Last but not least, we made changes to use device addresses consistently throughout all the extensions. There were also many naming suggestions made, some which where taken, and various naming and stylistic changes were made for reasons of consistency and extensibility. For more details on these and other changes made, see Issues 3 & 4 and the changelog in
Deferred Host Operations
We revamped the way that deferred host operations are used with the
vkCreateRayTracingPipelinesKHR commands. Instead of chaining the deferred operation request into the
pNext of each individual build or create operation, the deferral request is now passed in as a top-level parameter of the command and the whole command is either deferred or not. When the command is deferred, the application must not access the return parameters until the deferred operation is complete. The prior semantics of the commands when some sub-operations could be deferred and not others made for unclear behavioral expectations on the command return values and it was difficult to understand when it was safe to access them. We believe that the new semantics are clearer and should enable greater opportunities for parallelism, but as noted above this comes at the expense of requiring the
VK_KHR_deferred_host_operations extension to be enabled at all times.

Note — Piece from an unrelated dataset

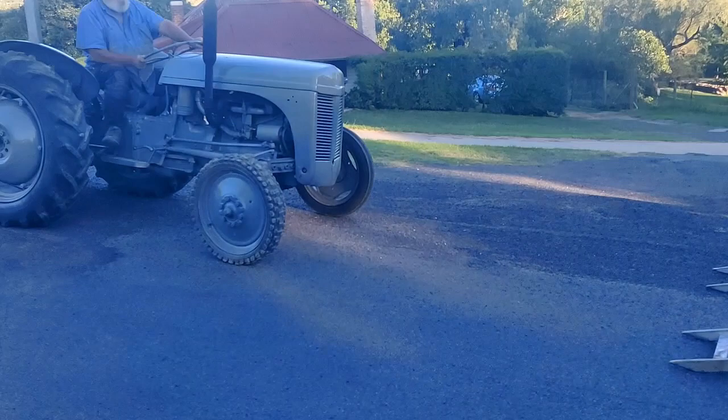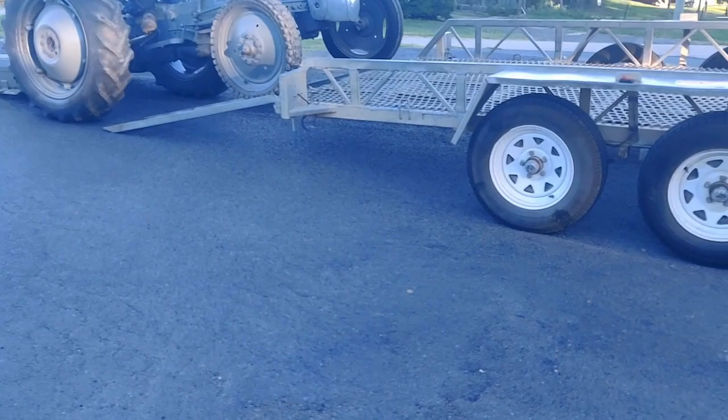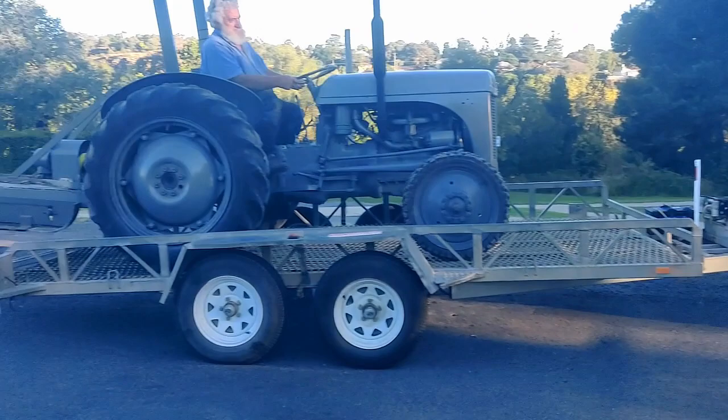Here we go, loading the tractor. How we looking? Yep, think that should do it? The slasher weighs nearly as much as the tractor. It's got about 6mm plate on it. It's literally lifting the back of the ute — I can see it lifting the wheels off the ground a bit.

Figure 2: Deferred Host Operations enable Acceleration Structures to be built using multiple CPU cores for faster frame rates and elimination of frame stuttering
Ray Tracing Pipelines
The changes to the ray tracing pipeline mechanisms were not as drastic, and some of them only impact SPIR-V and the shader compiler toolchains.
In addition to the changes to
vkCreateRayTracingPipelinesKHR mentioned above for deferred operations, there were also changes to make
VkRayTracingPipelineInterfaceCreateInfoKHR optional so that
VK_KHR_pipeline_library does not need to be enabled if they are not being used.
The biggest API change for ray tracing pipelines was the addition of explicit stack size management. Ray tracing pipelines have a potentially large set of shaders which may be invoked in various call chain combinations during ray tracing. The implementation may use a stack to store parameters in memory during a given shader execution and this stack needs to be sized to be large enough to handle the stack sizes required for all shaders in any call chain which can be executed by the implementation. The default stack size is potentially quite large, so we added a way for the application to specify a more optimal stack size after pipeline compilation. This is used in the cases where the application can compute a tighter stack size bound based on application-specific knowledge of the shaders and the properties of the call chains. A new dynamic state (
VK_DYNAMIC_STATE_RAY_TRACING_PIPELINE_STACK_SIZE_KHR) was added for ray tracing pipelines along with commands to query the stack size of a shader group (
vkGetRayTracingShaderGroupStackSizeKHR) and to set the dynamic stack size for a pipeline (
Another added feature was based on feedback from DXR layering efforts, namely the ability to trace rays by acceleration structure address. With this functionality, the device address of an acceleration structure that has been retrieved from
vkGetAccelerationStructureDeviceAddressKHR can be stored in a buffer or other shader resource. In the shader, it can be converted into the opaque
OpTypeAccelerationStructureKHR descriptor type using the SPIR-V
OpConvertUToAccelerationStructureKHR instruction (which manifests as the
accelerationStructureEXT type constructor in GLSL). The resulting variable can then be used to specify the acceleration structure to trace into for the
OpTraceRayKHR instruction (
traceRayEXT()). This conversion is one-way, and no other operations are supported on the opaque acceleration structure descriptors.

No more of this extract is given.